Recognizing Human Rights Violations in Brazil
Signed into law in November 2011, the Truth Commission was approved by the Brazilian congress to address the human rights violations that occurred during the country’s military dictatorship. The Brazilian president is expected to name the commission’s seven members this month, and they will have two years to investigate and disclose information about the abuses committed during the period from 1946 to 1988. Although the Commission will enable Brazil to officially confront past abuses, a 1979 Amnesty Law prevents the gathered information from being used to prosecute perpetrators of the crimes. Nevertheless, many hope that the Truth Commission’s investigations will inspire the public will necessary to bring about an end to the impunity.

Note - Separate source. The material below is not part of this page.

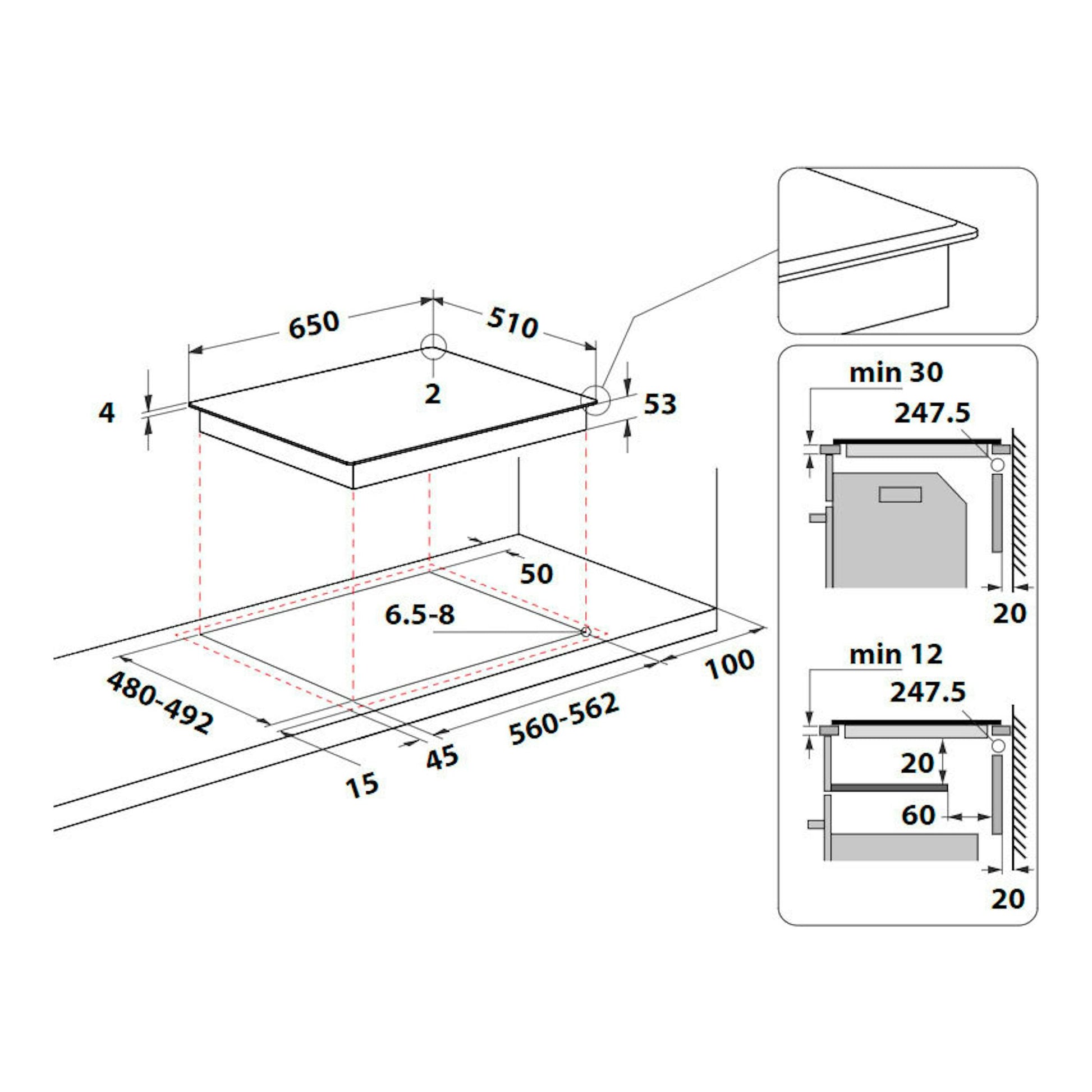 Diagrama de instalación de placa de inducción Whirlpool SMO 658C/NE, vista en perspectiva con medidas.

The Truth Commission’s investigations will focus on events that occurred during the Dirty War, a period of state-officiated repression of left-wing activists, students, journalists, trade unionists and others in Argentina and in cooperation with other dictatorships in the region. Even though some countries, such as Argentina and Chile, experienced more deaths, disappearances, and tortures during the Dirty War, military rule lasted longer in Brazil—from 1964 to 1985—than in any other South American country. The two-decades-long authoritarian regime began when the Brazilian Armed Forces usurped power from the left-leaning, democratically elected president João Goulart in a coup d’état. The military government greatly restricted political freedoms, such as freedom of speech, and targeted individuals who espoused opposing political ideology.
Retired members of the military, many of whom do not wish to revisit the past, have mounted considerable protests to the law establishing the Truth Commission. While the dissenting voices of retired military personnel cannot be easily ignored, especially considering the politicization of the armed forces in the country’s recent history, President Dilma Rousseff has remained steadfast in her support of the Truth Commission. Perhaps the female president’s decision is colored by the fact that she was once a left-wing activist who was imprisoned and tortured by military forces.
As Jews, victims and survivors of some of the most atrocious human rights violations, and as members of the international community that vowed “never again” after the Holocaust, we will follow the events in Brazil as the government and citizens attempt to come to terms with their violent past and send the message that “simply forgetting is not a viable way of dealing with past human rights violations.”